Unified Policy Value Decomposition for Rapid Adaptation

Abstract

Rapid adaptation in complex control systems remains a central challenge in reinforcement learning. We introduce a framework in which policy and value functions share a low-dimensional coefficient vector - a goal embedding - that captures task identity and enables immediate adaptation to novel tasks without retraining representations. During pretraining, we jointly learn structured value bases and compatible policy bases through a bilinear actor-critic decomposition. The critic factorizes as Q = sum_k G_k(g) y_k(s,a), where G_k(g) is a goal-conditioned coefficient vector and y_k(s,a) are learned value basis functions. This multiplicative gating - where a context signal scales a set of state-dependent bases - is reminiscent of gain modulation observed in Layer 5 pyramidal neurons, where top-down inputs modulate the gain of sensory-driven responses without altering their tuning. Building on Successor Features, we extend the decomposition to the actor, which composes a set of primitive policies weighted by the same coefficients G_k(g). At test time the bases are frozen and G_k(g) is estimated zero-shot via a single forward pass, enabling immediate adaptation to novel tasks without any gradient update. We train a Soft Actor-Critic agent on the MuJoCo Ant environment under a multi-directional locomotion objective, requiring the agent to walk in eight directions specified as continuous goal vectors. The bilinear structure allows each policy head to specialize to a subset of directions, while the shared coefficient layer generalizes across them, accommodating novel directions by interpolating in goal embedding space. Our results suggest that shared low-dimensional goal embeddings offer a general mechanism for rapid, structured adaptation in high-dimensional control, and highlight a potentially biologically plausible principle for efficient transfer in complex reinforcement learning systems.
Paper Structure (13 sections, 20 equations, 3 figures)

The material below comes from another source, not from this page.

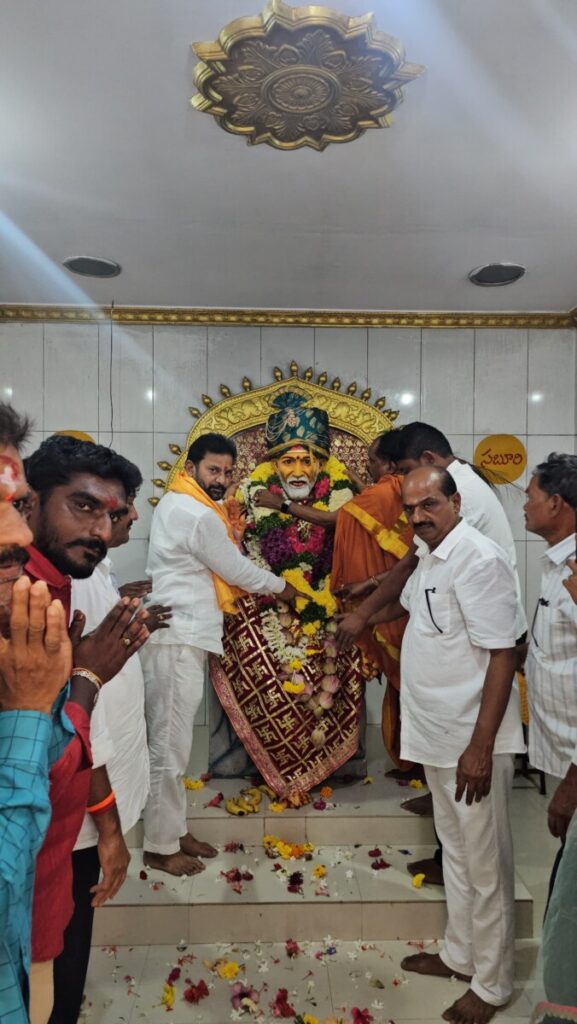 Former MLA Korukanti Chander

This paper contains 13 sections, 20 equations, 3 figures.

Figures (3)

  • Figure 1: MLP-based bilinear actor--critic architecture.A. Scheme of our architecture: the actor and critic are decomposed into $K$ parallel basis modules, policy primitives $Y_k(s)$ and value components $\phi_k(s,a)$. B--C. Comparison between the learning curves of a traditional architecture (2-layer MLP) and a single-layer MLP with bilinear decomposition. (inset) Scheme of the navigation task: a robot with 8 DOF is asked to move in a specific direction. D. Comparison of learning curves between the cases in which the latent space $G_k$ is independent or shared between actor and critic. E--F. Direction encoding for actor and critic. G--I. Reward, correlation between actor and critic $G$, and direction encoding in the $G$ space, as functions of training steps.
  • Figure 2: Zero-shot learning.A. Task scheme: the MuJoCo Ant agent is pre-trained on target directions and tested on new ones. Pretrained bilinear agent is evaluated on unseen goal directions (or task descriptors) without any parameter update, by conditioning on $g$. B. Performance compared against baselines when switching to novel directions. C--D. Behavior trajectories for training and test directions, respectively, illustrating successful generalization to intermediate angles not explicitly trained. E. Direct comparison between train and test directions (averaged over trials).
  • Figure 3: Bilinear decomposition allows for interpretability and generalization.A. Manipulating individual gating coordinates $G_k$ produces consistent, semantically meaningful changes in behavior, indicating interpretable control axes. (Top) Average movement direction as a function of latent-space direction for three different amplitudes; (bottom) speed distribution for the same three amplitudes (color-coded). Notably, speed modulation emerges spontaneously, although training objectives were defined only over movement direction. B. Online adaptation of $G_k$, allowing real-time solution of the current task. Reward as a function of the target direction (blue). As a reference, a task with negative reward is shown (orange).